Yen Ngoc Do (born 1941 — died August 17, 2006) was a Vietnamese American newspaper publisher. He was born in South Vietnam.

[edit] Biography

Yen Ngoc Do was born in Saigon. His father was a tailor who supported the Viet Minh in its war for independence against France. His mother was a devout Roman Catholic.

Do placed 20th out of 3,000 applicants in an examination to enter Saigon's most prestigious high school. He served as editor of the school newspaper and also printed and distributed clandestine leaflets that supported the independence movement.
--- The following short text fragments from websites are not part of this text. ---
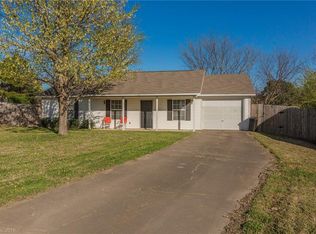 2407 Ravenswood, Fayetteville, AR 72704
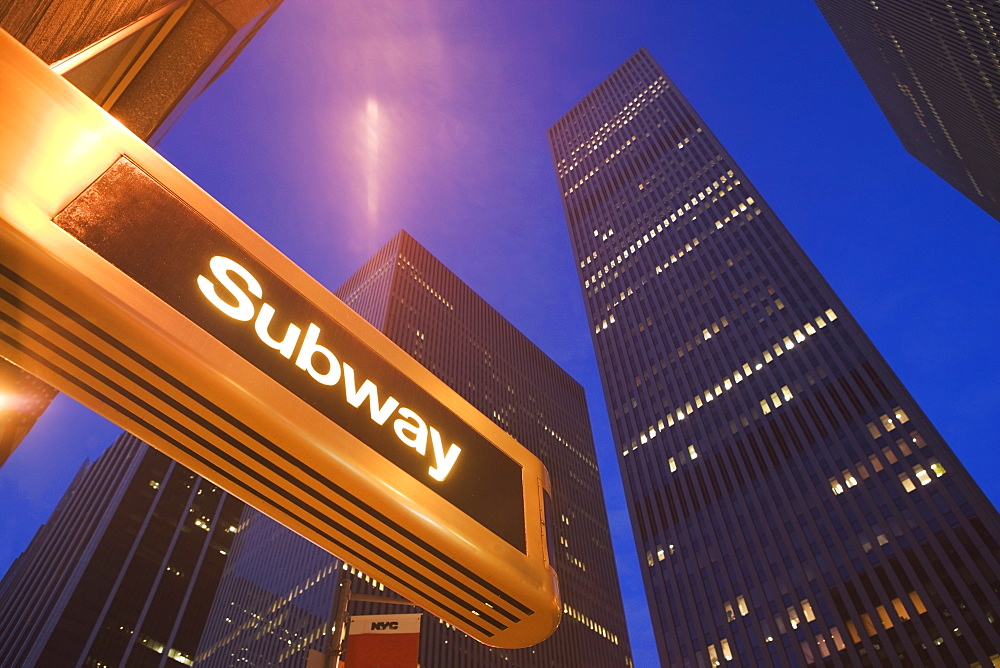 USA, New York State, New York City, subway station at 6th avenue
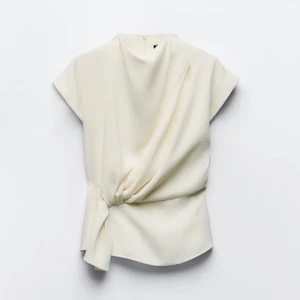 Zara topp - Säljer denna blusen/toppen från zara du den inte kommer till användning. Endast använd 1 gång så den är i nytt skick💞(den är cremevit)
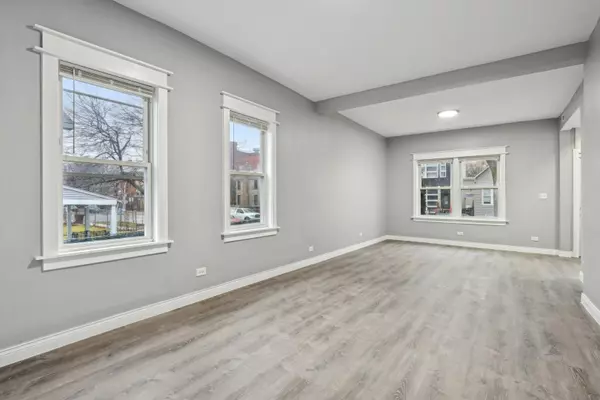 Chicago, IL 60647,1913 N Francisco AVE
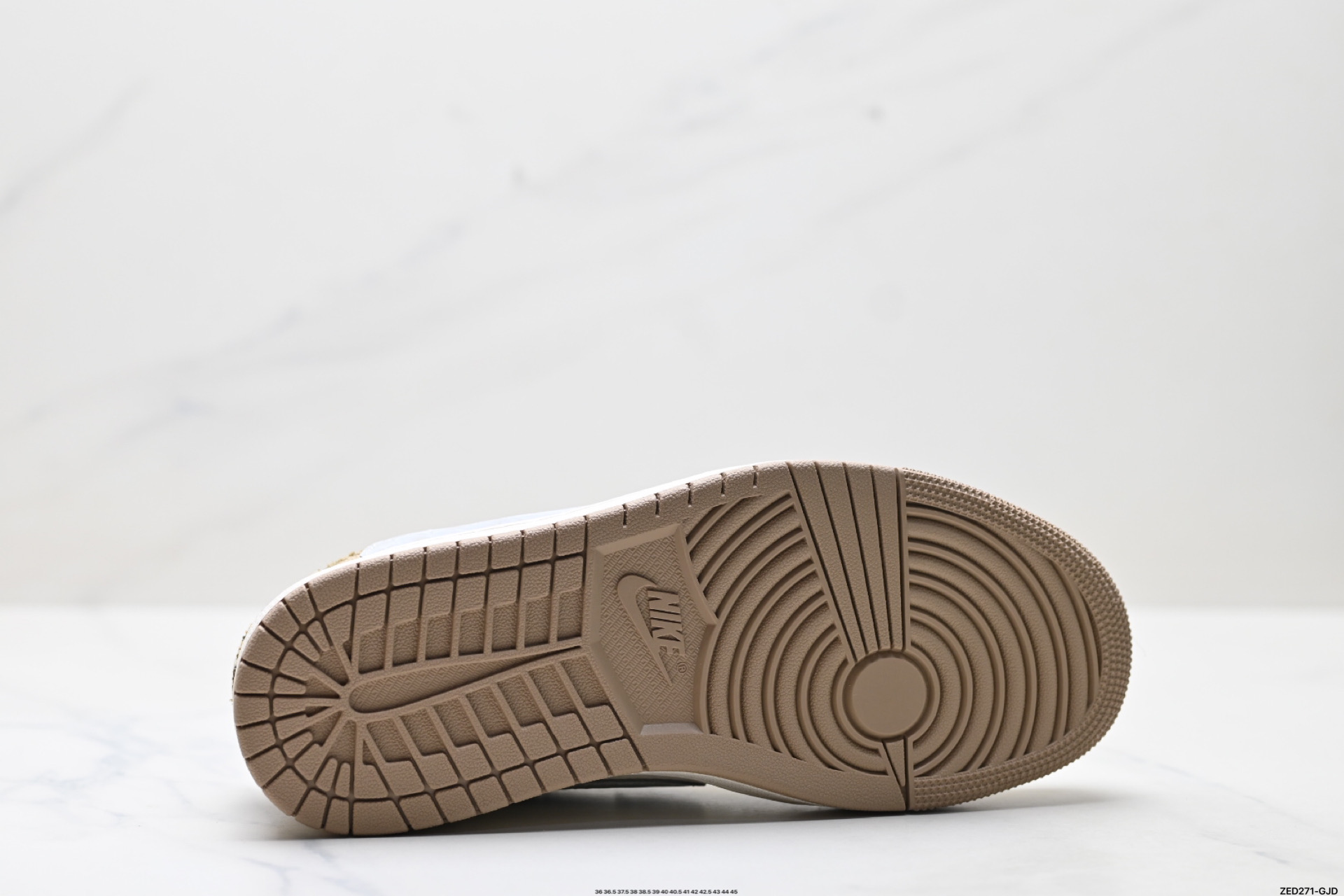 Nike Air Jordan 1 x Travis Scott AJ1倒勾 乔一倒钩 ‘DIY’定制 耐克 低帮文化篮球鞋  XS7089-603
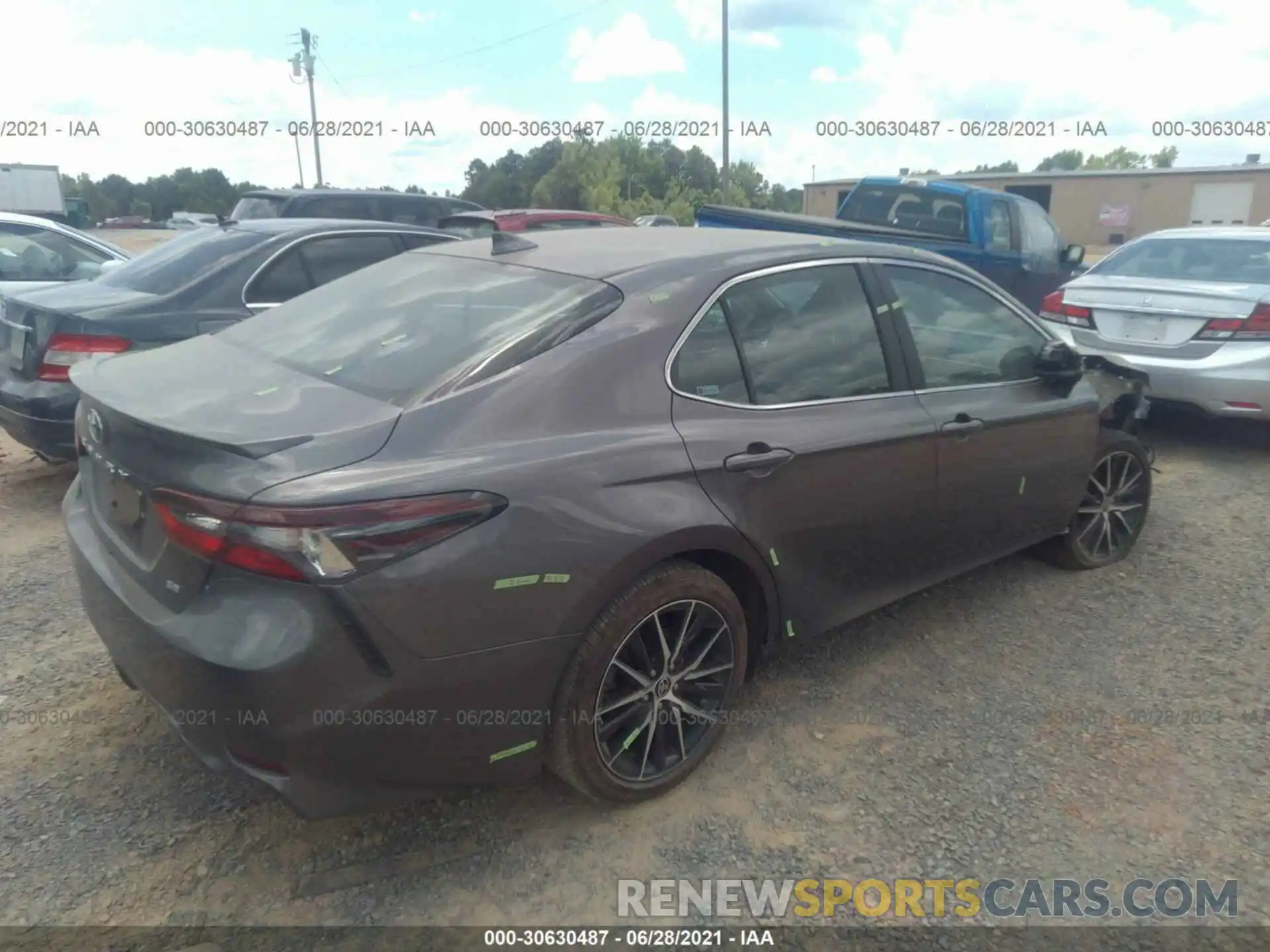 4 Photograph of a damaged car 4T1G11AK8MU418723 TOYOTA CAMRY 2021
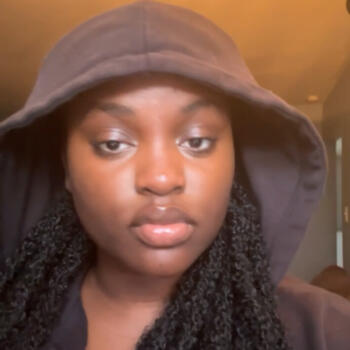 Baby-sitter in Laval: Yannie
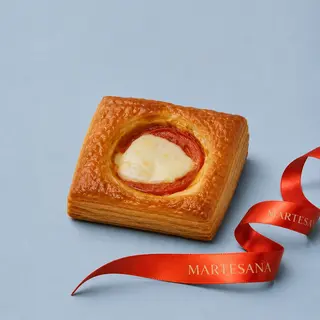 Sfogliato salato al pomodoro, mozzarella e basilico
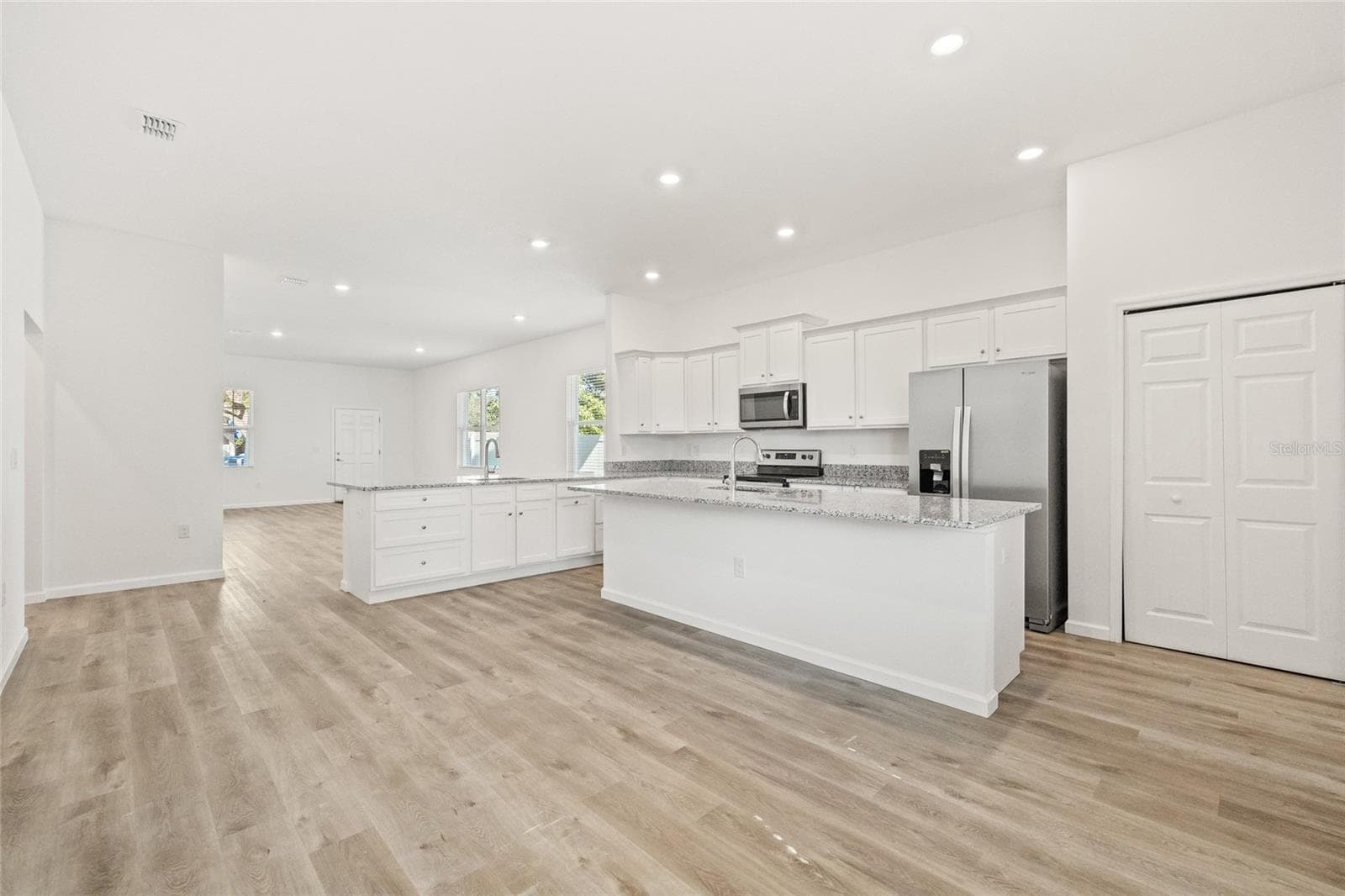Single Family Residence at 3005 E 17TH AVE, TAMPA, photo 16 of 54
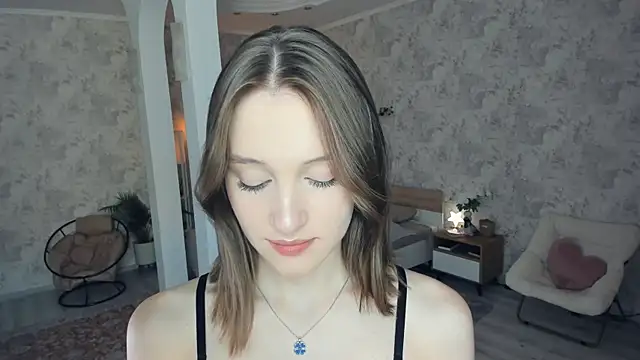 LianneBynon online show from June 19, 2026, 8:40 am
As a teenager, he led protests for more student scholarships and upgraded classrooms from the South Vietnamese government. Those protests, coupled with the leaflets, resulted in his arrest and suspension from school. He later obtained a diploma at the age of 22 after a program of self-study.

Do worked as a reporter and editor for several newspapers in South Vietnam and later served as an interpreter for American and French journalists.

Do and his wife, Loan, were married in Saigon in 1963.

Do was forced to leave his country when the communist North Vietnamese Army defeated the Army of the Republic of Vietnam (ARVN), during the Fall of Saigon.

His family was among the first immigrants from Vietnam to arrive at Camp Pendleton in 1975. At Camp Pendleton he began a library for the Vietnamese immigrants and solicited books from U.S. Marines on the base.

In December 1978, he and a few friends started Nguoi Viet Daily News in Orange County, California, inking all the accent marks by hand because American typewriters did not offer Vietnamese fonts.

The newspaper started out small in his garage, which was the newspaper’s first office. It was a four-page weekly. Do was its editor, publisher, circulation manager and page designer. He delivered copies of his newspaper door-to-door.

Under his leadership, Nguoi Viet became the largest Vietnamese publication in the United States, and now has a daily circulation of more than 16,000 and more than 50 employees. Its stories about Vietnam provided immigrants with accurate, timely and in-depth news about their homeland under the oppression of the communist government. These stories are more often informative than those found in the mainstream American press.

Nguoi Viet, which means "Vietnamese people," recently celebrated its 25th anniversary. The anniversary coincided with the launch of Nguoi Viet 2, a weekly English-language section for children of immigrants who speak English, but still want news about their community and culture.

In 2003, Do received the Asian American Journalists Association's Lifetime Achievement Award.

Do died at Fountain Valley Regional Hospital and Medical Center in Fountain Valley, California of complications from diabetes and kidney disease.